Tim Noble and Sue Webster
Relevance to my work:
This duo use a variety of different scrap pieces, such as old stuffed animals and scrap metal, to create sculptures which create shadows. This fragile method of working reflects the title of one of my whiteboard drawings – ‘My days are like an evening shadow’ – and the temporality of life.
“Tim Noble and Sue Webster’s work derives much of its power from its fusion of opposites: male-female, light-dark, craft-rubbish, sex-violence and form versus anti form. This fusion could not be seen more clearly than in the emblematic transformative art of their projections. Thye create extraordinary porjectison which bear great likesness to something identifiable (including self-portraits) by directing light on assemblages made upof everyday objects such as rubbish.
This process of transformation echoes the idea of ‘perceptual psychology’. This is a form of evaluation used for psychological patients. Noble and Webster are familiar with this process and how people evaluate abstract forms. Throughout their careers they have played with the idea of how humans perceive abstract images and define them with meaning. The result is surprising and powerful as it redefines how abstract forms can transform into figurative ones.”
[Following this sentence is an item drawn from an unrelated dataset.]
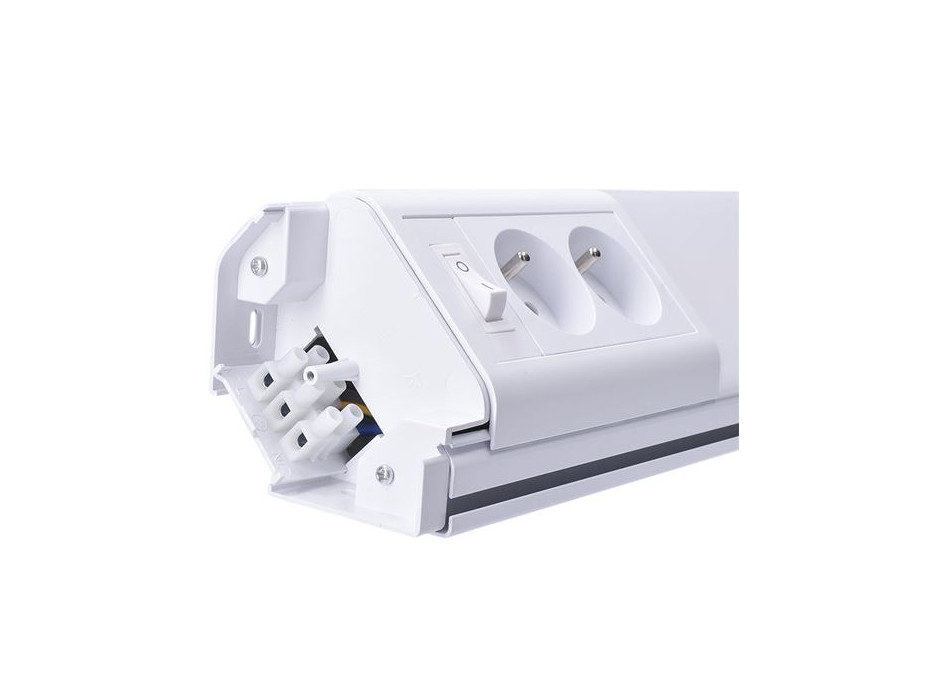 Kuchyňské podlinkové svítidlo - LED - 10W - 51 cm - 2 zásuvky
ALL VISUAL ARTS. (2011).Vanitas: The Transience of Earthly Pleasures. All Visual Arts: London.
Pg 14-15
“Tim Noble and Sue Webster’s extraordinary contemporary work, British Wildlife, 2008, is a shadow-sculpture divided into two areas of interest: a mass of taxidermied animals producing a densely packed still-life, and an exquisitely detailed, profiled portrait in shadow of the artists (perhaps narcissistically depicted as forever ‘in the spotlight’), produced by the strong beam projected upon the clustered carcasses. As with their other work on view, Metal Fucking Rats with Heart-shaped Tail (in which a heap of inanimate metals projects a very living picture of romancing rats), in this contemporary vanitas the realms of the living and of the dead are firmly delineated: the ‘dead’ mass of animal bodies or scrap metal here on the floor, and the ‘living’ shadow portrait here on the wall. The vanitas painting was sometimes plainly composed of two distinctly separate ontological realms, one-half picturing death, the other half life. One thinks of Adrien van Utrecht’s Vanitas Still Life, 1643, which is divided rigidly in two, the right half overflowing with material abundance, the left stark in comparison, centring on the skull. A single lock of golden hair curls as if crossing from one world to the other – hair being perhaps a part of the body that is both living and dead, able to bridge these two worlds. The vanitas was often pushing past its own boundaries to invade our space, witnessed in paintings which seem to escape the painted frame. Noble and Webster’s piece literally expands into our space, as we likewise project our own shadows on the wall alongside theirs.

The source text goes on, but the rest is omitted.